Awa (in Dogon), also known as the Awa Society, the Society of Masks, is an African mask and initiatory society of the Dogon people of Mali which is made up of circumcised men, and whose role is both ritual and political within Dogon society. The Awa Society takes an important role in Dogon religious affairs, and regularly preside over funereally rites and the dama ceremony—a ritual ceremony that marks the end of bereavement in Dogon country ( fr ). This Society is one of the important aspects of Dogon religious life—which is primarily based on the worship of the single omnipotent, omniscient and omnipresent Creator God Amma and the veneration of the ancestors. Although it is only one aspect of Dogon's religious sects, it is perhaps more well known than the others partly due to Dogon mask–dance culture which attracts huge tourism, and their masks highly sought after, and in fact, one of the first to be sought after by art collectors in the west.

==Etymology==
The Dogon word awa (not to be confused with the Arabic name for Eve, Hawa/Awa) comes from the Dogon's Sacred language of Sigi so of Sangha, Mali. The term is used to describe several things: fibre ornaments and masks worn by members of the Society, masked dancers, all men age to participate in ritual dances, or the Society itself.

==Purpose==
The ritual performances of the Awa include various masks and dress. When a person of importance dies, members of the Society wear a special kind of African mask called the Kanaga, and perform a ritual dance on the roof of the deceased in order to escort the soul (nyama) of the dead to its final resting place, and to defend the living from bad wandering souls that might linger and wish to cause harm to the living. These ritual masks are also worn at the end of mourning as well as during death anniversaries.

The Awa believe that their traditional religious role is to reorder the spiritual forces after the world was left in a disordered state following the death of "their ancient ancestor"—the Nommo. It is their view that the spiritual realm was disrupted as a result of that death and resurrection in the form of the serpent ancestor Lebe.
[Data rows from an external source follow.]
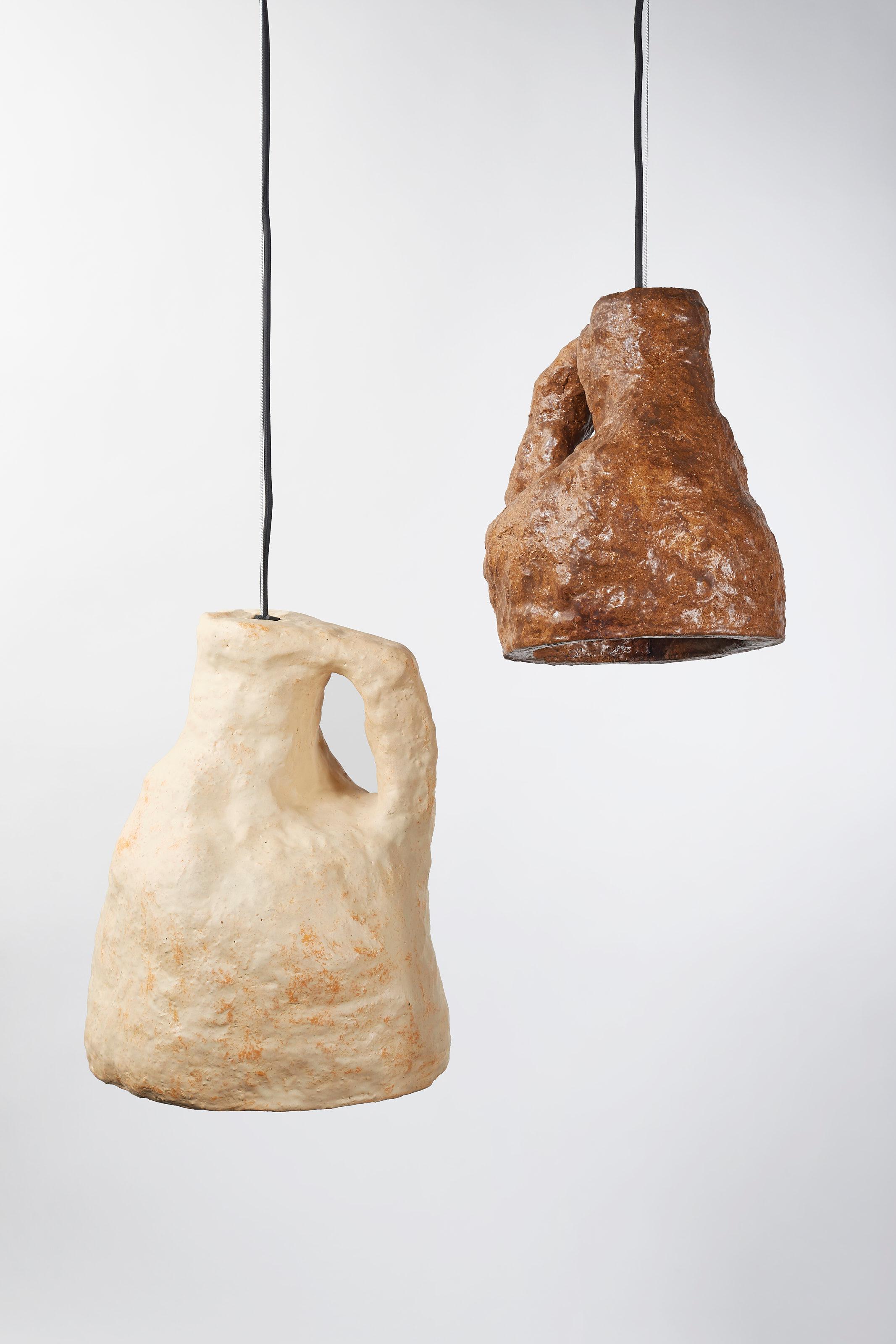 Set of 2 dual lamps by Willem Van Hooff
Dimensions: W 25 x H 30 cm // W35 x H50 cm
Materials: Earthenware, ceramic, pigments and glaze
Also available in different colours: oker, terra, ivory, brown. 

All our lamps can be wired according to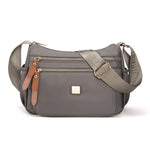 Multi-compartment shoulder bag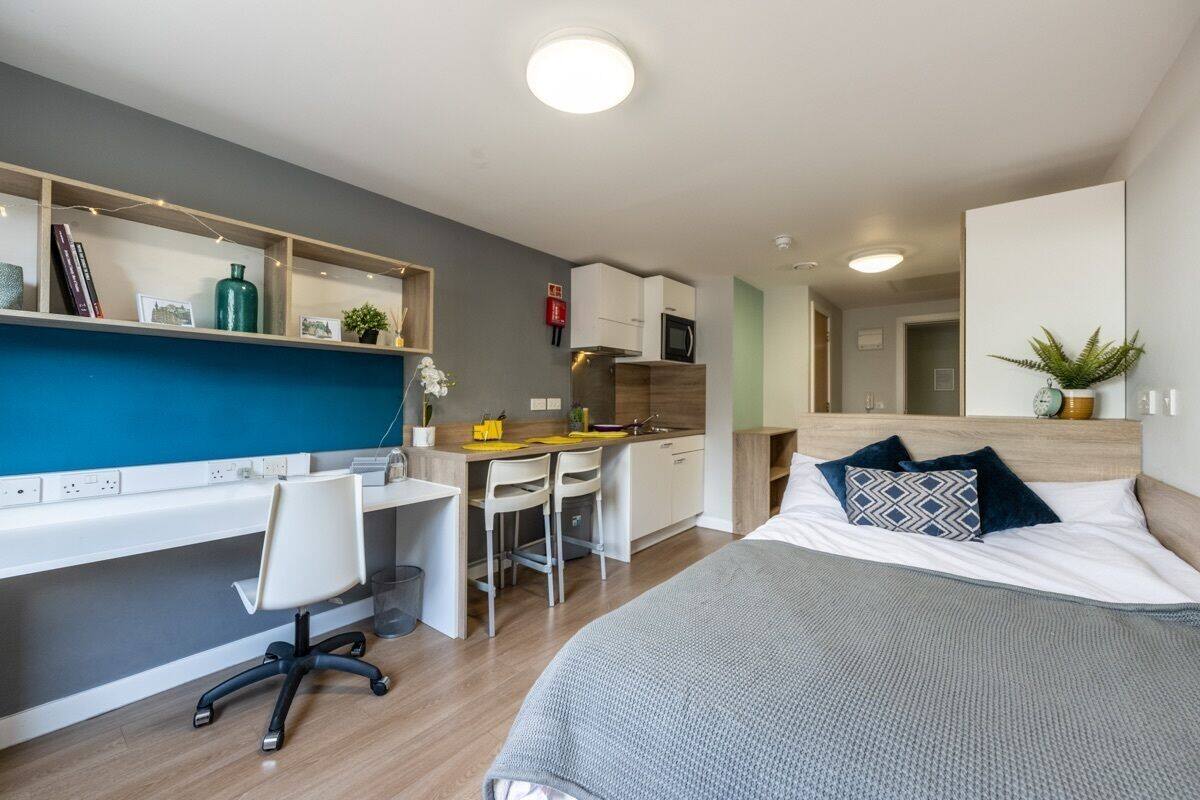 A modern bedroom with a large bed, a desk, and a kitchenette.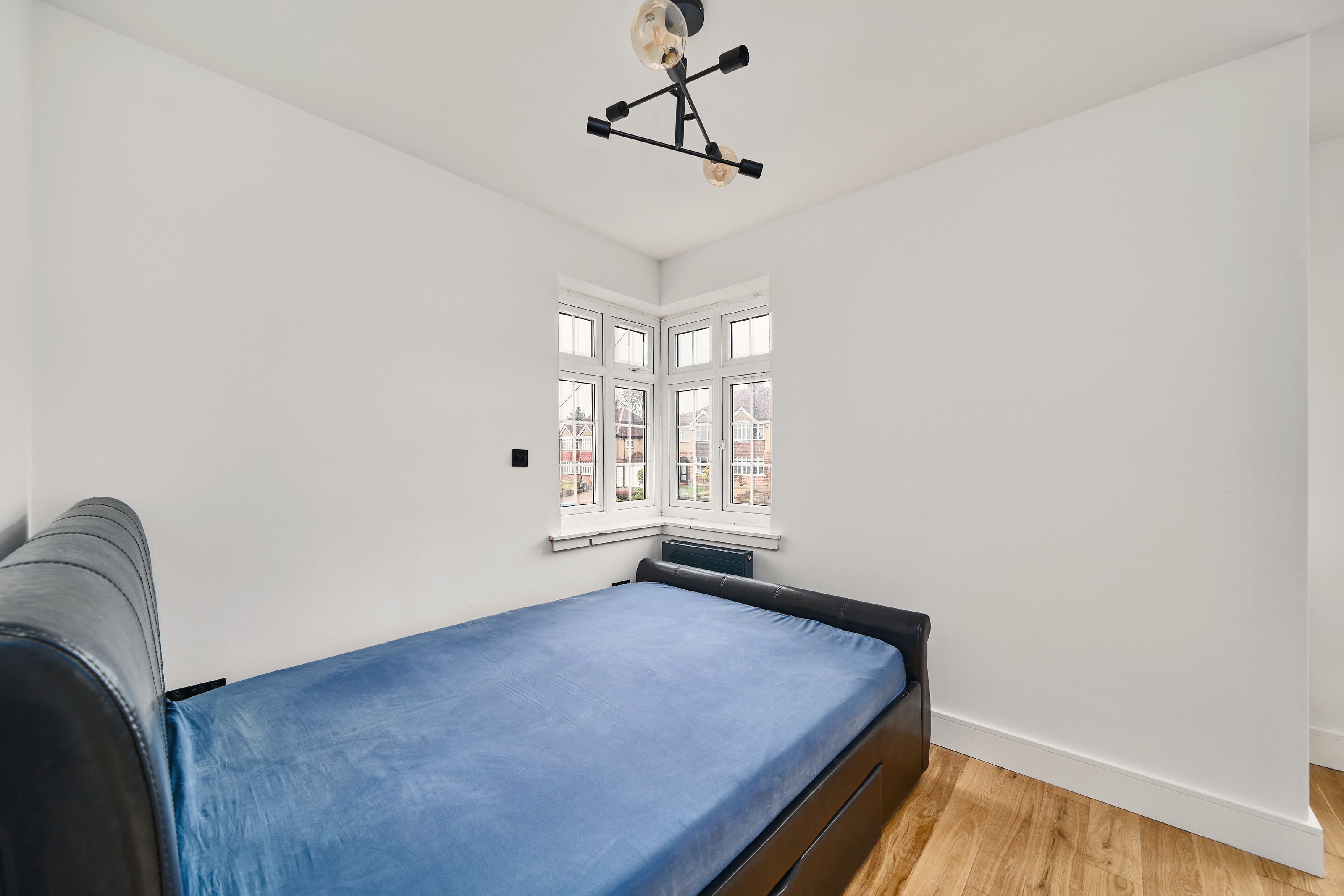 Bedroom with corner window after the work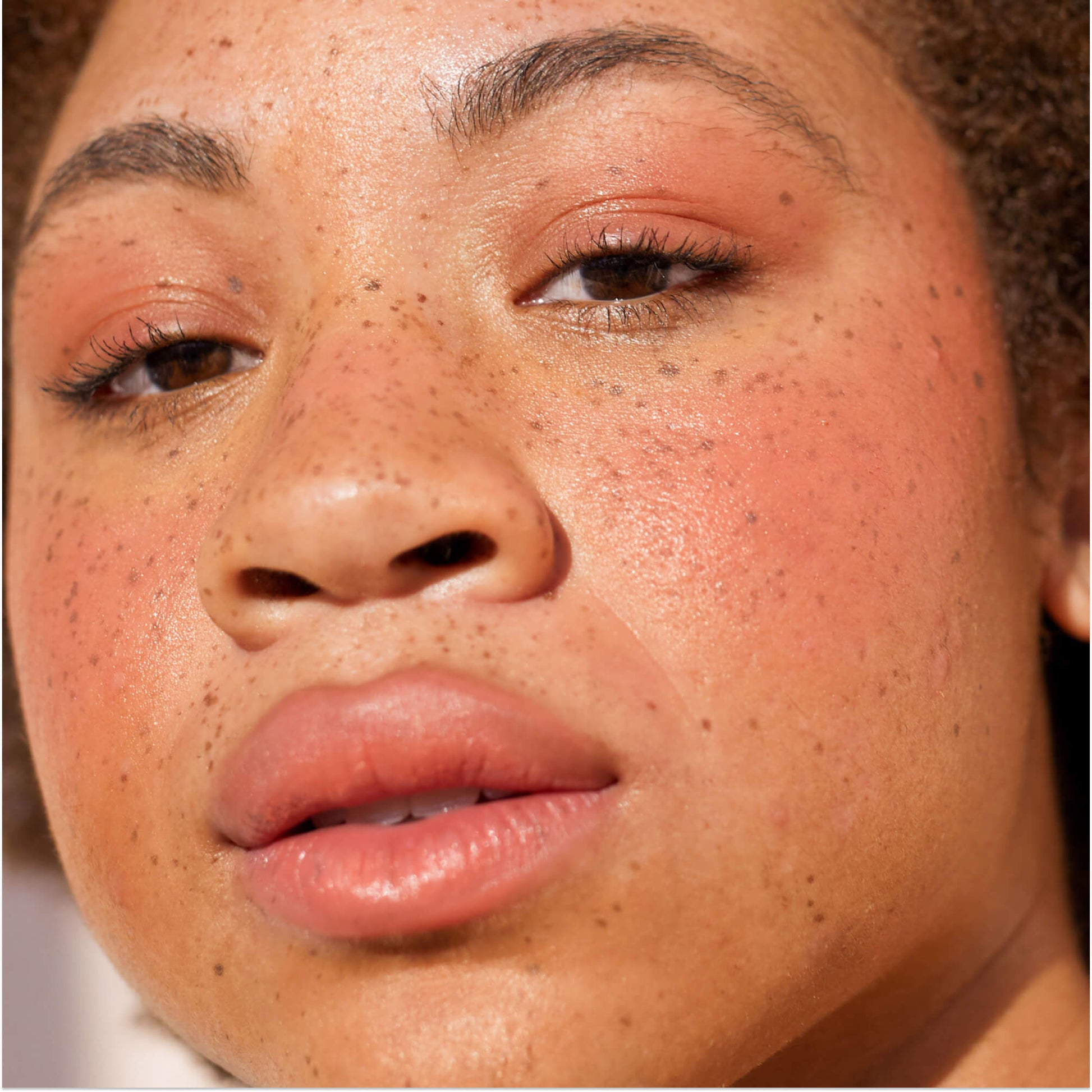 A close up of a model with Tower 28 Beauty's BeachPlease Cream Blush in Rush Hour on her face.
By restoring order and transforming the spirits of the dead from being dangerous and destructive, the spirit can then be elevated to a position of honour, and regarded as a supernatural ancestor "well disposed towards the living." The ritual enhances the prestige of the deceased as well as his family.

==Kanaga mask==
The Kanaga mask is one of seventy-eight kinds of masks used by the Awa. The mask is sculptured both in male and female form. The male version is the most numerous found during funeral and death anniversaries.